The records below:

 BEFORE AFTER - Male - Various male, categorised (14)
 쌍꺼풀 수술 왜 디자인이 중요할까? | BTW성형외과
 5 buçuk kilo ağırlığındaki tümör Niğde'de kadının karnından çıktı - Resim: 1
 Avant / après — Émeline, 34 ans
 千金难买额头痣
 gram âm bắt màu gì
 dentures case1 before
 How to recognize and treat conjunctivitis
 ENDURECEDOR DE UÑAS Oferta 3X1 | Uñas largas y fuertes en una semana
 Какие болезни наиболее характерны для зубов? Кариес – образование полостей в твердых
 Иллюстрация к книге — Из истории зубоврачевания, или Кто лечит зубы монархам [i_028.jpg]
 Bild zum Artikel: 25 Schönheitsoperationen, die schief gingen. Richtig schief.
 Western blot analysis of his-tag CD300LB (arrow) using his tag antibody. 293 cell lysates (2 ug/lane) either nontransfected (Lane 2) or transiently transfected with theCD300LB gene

End of The records.

- The task: Set down the listing in full, keeping every word exactly as it is.

- Written response:
 BEFORE AFTER - Male - Various male, categorised (14)
 쌍꺼풀 수술 왜 디자인이 중요할까? | BTW성형외과
 5 buçuk kilo ağırlığındaki tümör Niğde'de kadının karnından çıktı - Resim: 1
 Avant / après — Émeline, 34 ans
 千金难买额头痣
 gram âm bắt màu gì
 dentures case1 before
 How to recognize and treat conjunctivitis
 ENDURECEDOR DE UÑAS Oferta 3X1 | Uñas largas y fuertes en una semana
 Какие болезни наиболее характерны для зубов? Кариес – образование полостей в твердых
 Иллюстрация к книге — Из истории зубоврачевания, или Кто лечит зубы монархам [i_028.jpg]
 Bild zum Artikel: 25 Schönheitsoperationen, die schief gingen. Richtig schief.
 Western blot analysis of his-tag CD300LB (arrow) using his tag antibody. 293 cell lysates (2 ug/lane) either nontransfected (Lane 2) or transiently transfected with theCD300LB gene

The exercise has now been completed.